Beginnings are always the hardest part. Where to start? I mean literally, where to start? At the beginning.
This is a blog about lutherie, wood work, and music making. But really that’s not the beginning, not by any stretch of the imagination. That is very much the destination.
The beginning, I suppose, takes place some 26 years ago, when a much younger me first picked up a violin. What followed was many, many hours of (unintentionally) impersonating the sound of an enraged and cat-nip addled tom cat being fed tail first through a wood chipper. The practice continued, and the cat-slaughter sound effects finally abated. Several years were spent playing with high quality youth orchestras. The tuba, guitar, and mandolin were added to my practice regime. And somewhere deep inside my mind, a question started to form. Because you see, once I understood how a musician used a musical instrument to generate a sound, and string that sound to several others to play a melody, I wanted to know how the musical instrument itself worked.
Although I never did much in the way of woodwork growing up, it was something which had always been present during my youth. My maternal grandfather was an active and enthusiastic woodworker, building everything from toys to wardrobes. There is another blog post or two about the sanctuary of Grandad’s shed, and about the idea of heritage in hand tool working, but I shall leave those for another time.
And so the idea had been planted, and as soon as I finished law school, I booked myself onto a term at the Totnes School of Guitar Making. Under the tutelage of Phil Messer I designed and built, entirely by hand, a 12 string acoustic guitar named Esmerelda. And somewhere a lightbulb lit up. This was it – the Eurika moment. This was love. With hand tool working and making things from wood I might add, not with Phil (although he is one hell of a chap). That was just over six years ago now, and for my sins I spend my days working as a construction solicitor at an international law firm. When I’m not in the office, my focus is still on playing and writing music, and of course, wood working.

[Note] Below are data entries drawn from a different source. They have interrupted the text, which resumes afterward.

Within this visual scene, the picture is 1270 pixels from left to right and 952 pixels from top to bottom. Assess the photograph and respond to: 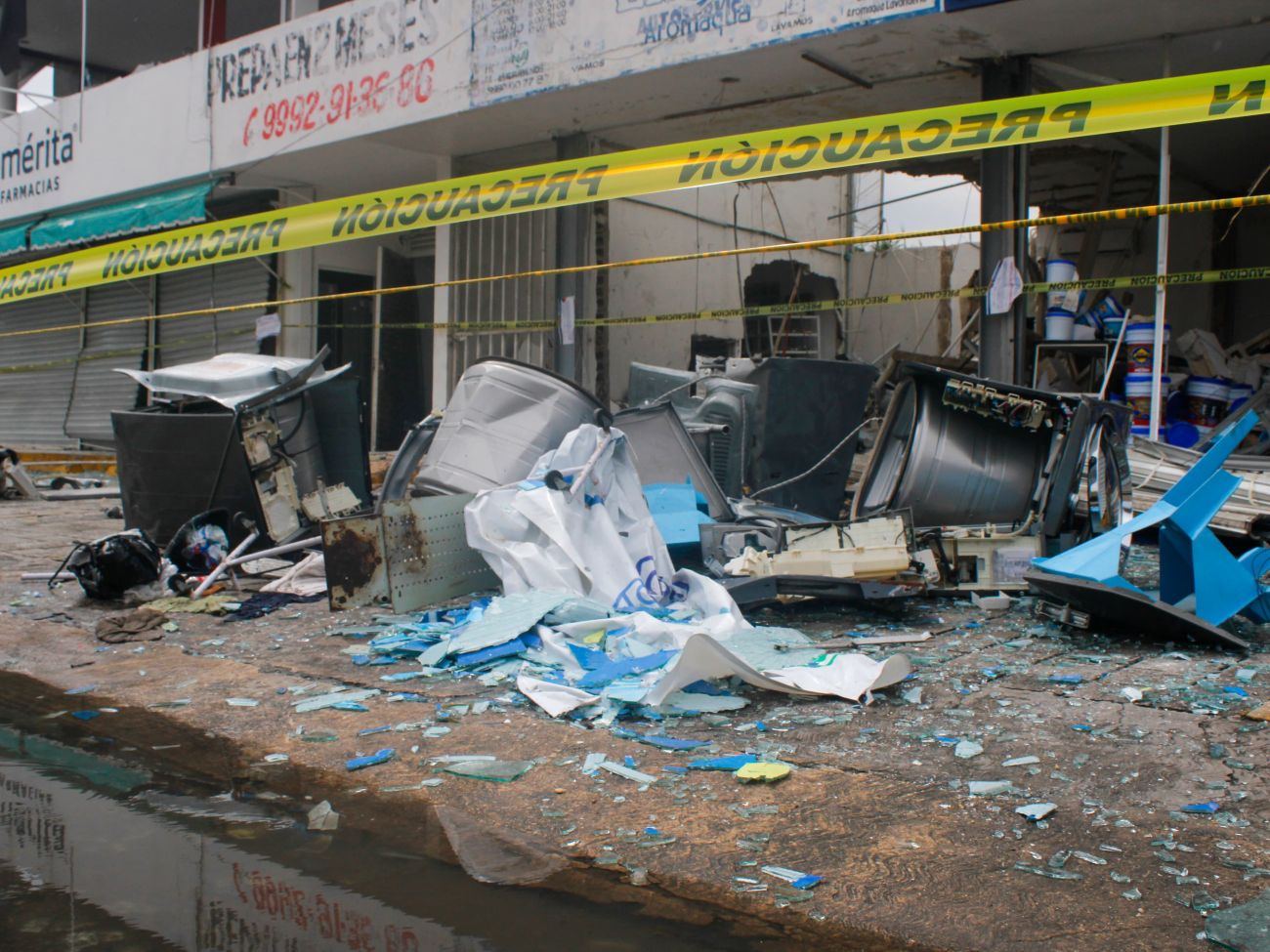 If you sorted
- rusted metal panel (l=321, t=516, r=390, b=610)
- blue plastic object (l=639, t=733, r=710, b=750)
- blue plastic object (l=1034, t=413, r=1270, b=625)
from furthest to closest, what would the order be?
rusted metal panel (l=321, t=516, r=390, b=610) < blue plastic object (l=1034, t=413, r=1270, b=625) < blue plastic object (l=639, t=733, r=710, b=750)

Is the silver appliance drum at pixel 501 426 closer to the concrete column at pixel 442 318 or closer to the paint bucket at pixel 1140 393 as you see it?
the paint bucket at pixel 1140 393

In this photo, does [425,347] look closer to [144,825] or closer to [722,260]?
[722,260]

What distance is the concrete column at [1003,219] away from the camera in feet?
24.9

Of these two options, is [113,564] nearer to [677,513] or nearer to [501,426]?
[501,426]

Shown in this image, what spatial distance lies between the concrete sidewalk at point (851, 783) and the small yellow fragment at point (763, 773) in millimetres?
39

Most of my workshop time is still dedicated to lutherie, particularly building acoustic guitars (although at the moment I am working on a ’59 Blackguard Telecaster type electric guitar). But thanks to the writings of Chris Schwarz, both on his blog and in print through his Lost Art Press publishing house, I am slowly turning my gaze towards furniture building. In 2014 I intend to work my way through the projects in the Joiner and Cabinet Maker, and will chart my progress in this here blog.

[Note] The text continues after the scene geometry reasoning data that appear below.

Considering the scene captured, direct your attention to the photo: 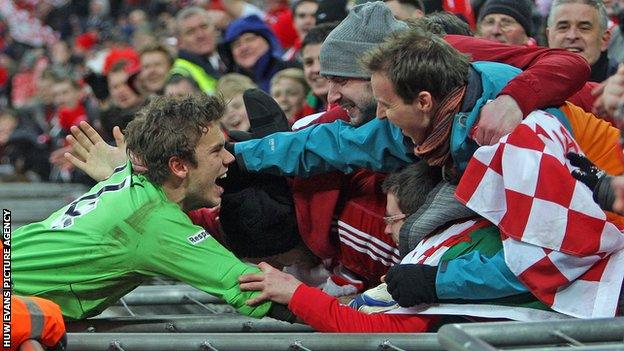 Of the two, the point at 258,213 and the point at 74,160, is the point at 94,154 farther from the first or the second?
the point at 258,213

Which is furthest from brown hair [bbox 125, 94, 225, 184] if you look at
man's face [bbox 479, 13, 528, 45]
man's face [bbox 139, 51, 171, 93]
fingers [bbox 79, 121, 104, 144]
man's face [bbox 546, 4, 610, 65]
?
man's face [bbox 139, 51, 171, 93]

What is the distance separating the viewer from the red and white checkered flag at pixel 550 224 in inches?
136

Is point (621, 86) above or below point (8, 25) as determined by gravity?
above

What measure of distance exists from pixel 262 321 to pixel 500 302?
85cm

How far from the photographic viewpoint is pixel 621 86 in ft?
11.3

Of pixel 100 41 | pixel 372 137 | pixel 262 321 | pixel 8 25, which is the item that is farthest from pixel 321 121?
pixel 8 25

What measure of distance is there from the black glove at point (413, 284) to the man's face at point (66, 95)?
8.33 metres

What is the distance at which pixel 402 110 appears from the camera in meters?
3.66

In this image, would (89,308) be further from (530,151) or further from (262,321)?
(530,151)

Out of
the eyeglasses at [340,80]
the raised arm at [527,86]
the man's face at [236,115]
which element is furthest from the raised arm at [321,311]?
the man's face at [236,115]

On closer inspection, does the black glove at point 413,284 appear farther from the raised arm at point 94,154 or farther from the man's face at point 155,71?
the man's face at point 155,71

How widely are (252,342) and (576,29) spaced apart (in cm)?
251

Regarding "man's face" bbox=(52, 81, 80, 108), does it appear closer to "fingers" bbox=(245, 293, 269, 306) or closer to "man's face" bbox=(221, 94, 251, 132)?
"man's face" bbox=(221, 94, 251, 132)

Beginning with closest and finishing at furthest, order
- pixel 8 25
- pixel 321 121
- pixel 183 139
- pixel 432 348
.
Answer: pixel 432 348 → pixel 183 139 → pixel 321 121 → pixel 8 25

It seems only fitting to end this inaugural post with photos of the instrument which started it all; Esmerelda.
An acoustic 12 string guitar with alpine spruce sound board, Indian rosewood back and sides, mahogany neck and cocobola headstock veneer and bridge. At her widest point she’s 512mm wide (across the lower bout), so pretty large, although the tight waist and small square shoulders give the impression of a smaller guitar when in the playing position.
The corner binding is maple and rosewood, a theme which is repeated in the soundhole decoration.
The Indian rosewood back.
Close up of the cocobola bridge.
The headstock, with cocobola veneer and angel inlay taken from the cd my band Cake for Lily released back in April 2007.